No, it can only hurt the range. Conservation of energy demands that any electrical energy produced be exactly balanced by the mechanical energy extracted from the car's motion. Add in efficiency losses, and you have a net loss in range.
 
  • #3
Then how do you explain two volts generated by attaching a drive cpu fan to a second cpu fan via a common drive shaft on the rotor? Just did the test.

This is not an equaling effect. only a scavenging effect.

If attached to a circuit capable of storing up and discharging it to the battery it could potentially slowly charge the battery. Again in theory.
 
  • #4
ydeardorff said:
Then how do you explain two volts generated by attaching a drive cpu fan to a second cpu fan via a common drive shaft on the rotor? Just did the test.

This is not an equaling effect. only a scavenging effect.

If attached to a circuit capable of storing up and discharging it to the battery it could potentially slowly charge the battery. Again in theory.

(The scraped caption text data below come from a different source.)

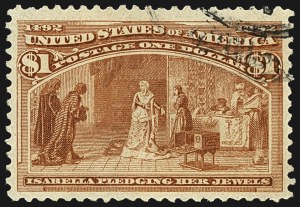 Sale 1107, Lot 330, 50c-$5.00 1893 Columbian Issue (Scott 240-245)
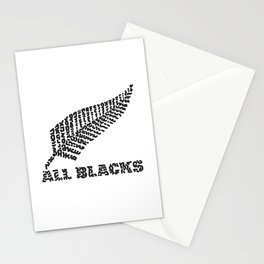 "All Blacks" Rugby Team New Zealand Stationery Card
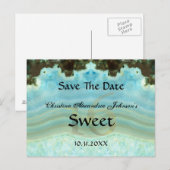 クリスタルエレガントブルー甘い16日付を保存 案内ポストカード (正面/裏面)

the original fan motor will be working harder as its now driving another motor
as a result it will most likely be drawing more current fom the power supply
AND it will be drawing more current from the supply than what is being generated by the second fan motor

You DONT get anything for nothing ... the extra power has to come from somewhere

Dave
 
  • #5
look at this with another practical vehicle example...

The compressor for the Air Con. unit in your car ( assuming your car has A/C)
Its usually turned by the fanbelt or other belt that's also driving the alternator
When the A/C is off the A/C motor shaft is just freewheeling and not producing any significan drag on the system.
Have you noticed how your engine rev's drop when the A/C is turned on ? drops by several 100 RPM, that's because there is now an extra load on the engine.
So to get the engine back up to producing the same amount of power to the wheels,
you have to increase the fuel to the engine ( ie ... step on the gas peddle a little harder)

Doing your system as stated in your first post is going to have the same effect and will effectively reduce the amount of power available to the wheels, by the same amount as being taken by the generators you install, therefore you are going to have to increase your fuel supply to the engine to make up for it

Dave
 
  • #6
true I understand that.

But when this is attached to a 400 to 4000 lbs vehicle. The losses will be minimal. Remember its being setup to have a very small impact and offer a trickle charging effect. This is not meant to sustain the vehicle. The drain at the wheel hubs will be negligible to unnoticed.
The wheel acts like a flywheel on a car. It stores energy. I think your thinking of much more drag than on the wheel than i am.

Im just curious of what the minimum charge rate would be needed to show any effect to the range. Presume a 100 mile range off of a full charge.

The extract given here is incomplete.